Third, an advantage of doing the research ourselves is that we know where the data came from, and thus can be accountable. Given that one of FPR’s three domains is accountability, this is important. We currently know precisely which two researchers first looked at any given foundation, how they each answered each question/criterion, the source that they used, what any moderator found, and hence the provenance of all of our decisions. With AI, we would cede all of that.
Fourth, a surprising number of FPR’s criteria require judgement, e.g., whether a document is a plan to improve diversity or just statements of commitment to do so. We even found an instance recently where it was unclear whether a foundation should be counted as having a website or not. We endeavour to be consistent in our judgements, which an automated system might not be.

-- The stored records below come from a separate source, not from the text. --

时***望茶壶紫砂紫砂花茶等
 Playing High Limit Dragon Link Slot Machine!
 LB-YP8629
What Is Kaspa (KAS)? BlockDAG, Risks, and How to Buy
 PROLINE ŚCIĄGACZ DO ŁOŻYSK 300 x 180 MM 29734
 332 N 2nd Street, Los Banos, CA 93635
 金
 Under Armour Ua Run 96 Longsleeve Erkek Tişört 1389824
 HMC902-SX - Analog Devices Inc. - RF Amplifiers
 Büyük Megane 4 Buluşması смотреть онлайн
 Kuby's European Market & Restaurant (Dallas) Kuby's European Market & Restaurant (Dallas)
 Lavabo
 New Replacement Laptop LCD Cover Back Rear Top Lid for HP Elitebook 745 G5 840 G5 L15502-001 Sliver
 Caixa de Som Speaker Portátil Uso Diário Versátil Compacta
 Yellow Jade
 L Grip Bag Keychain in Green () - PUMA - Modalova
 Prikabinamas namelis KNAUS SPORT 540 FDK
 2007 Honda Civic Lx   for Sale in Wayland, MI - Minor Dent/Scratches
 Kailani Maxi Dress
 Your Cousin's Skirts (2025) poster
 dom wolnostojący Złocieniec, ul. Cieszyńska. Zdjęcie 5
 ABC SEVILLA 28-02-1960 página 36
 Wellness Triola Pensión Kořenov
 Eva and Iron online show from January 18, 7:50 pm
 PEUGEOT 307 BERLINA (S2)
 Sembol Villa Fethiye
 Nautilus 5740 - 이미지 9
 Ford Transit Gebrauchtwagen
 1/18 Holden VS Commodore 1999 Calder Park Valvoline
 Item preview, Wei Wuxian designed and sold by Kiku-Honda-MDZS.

Fifth, in FPR, we encounter odd situations amazingly frequently. For example, a foundation which has paused grant-making for a stated period (so it’s asleep); a foundation which has paused grant-making for a non-stated period (so it’s dead?); a foundation whose website is only accessible if you register; a foundation which has closed completely. We have to make judgements about handling these, and apply those ‘policies’ consistently each year. It’s unclear that an AI would do that reliably.
FPR does use some automation, e.g., it now pulls from UKGrantmaking the income and net asset values for each assessed foundation, which reduces some scope for human transcription error.
For sure, our researchers are human and make mistakes. But they don’t hallucinate or bullshit. For all these reasons, AI is not sufficiently accurate or consistent to be a reliable tool for the FPR without significant human checking.
For now, the Foundation Practice Rating is sticking with the humans.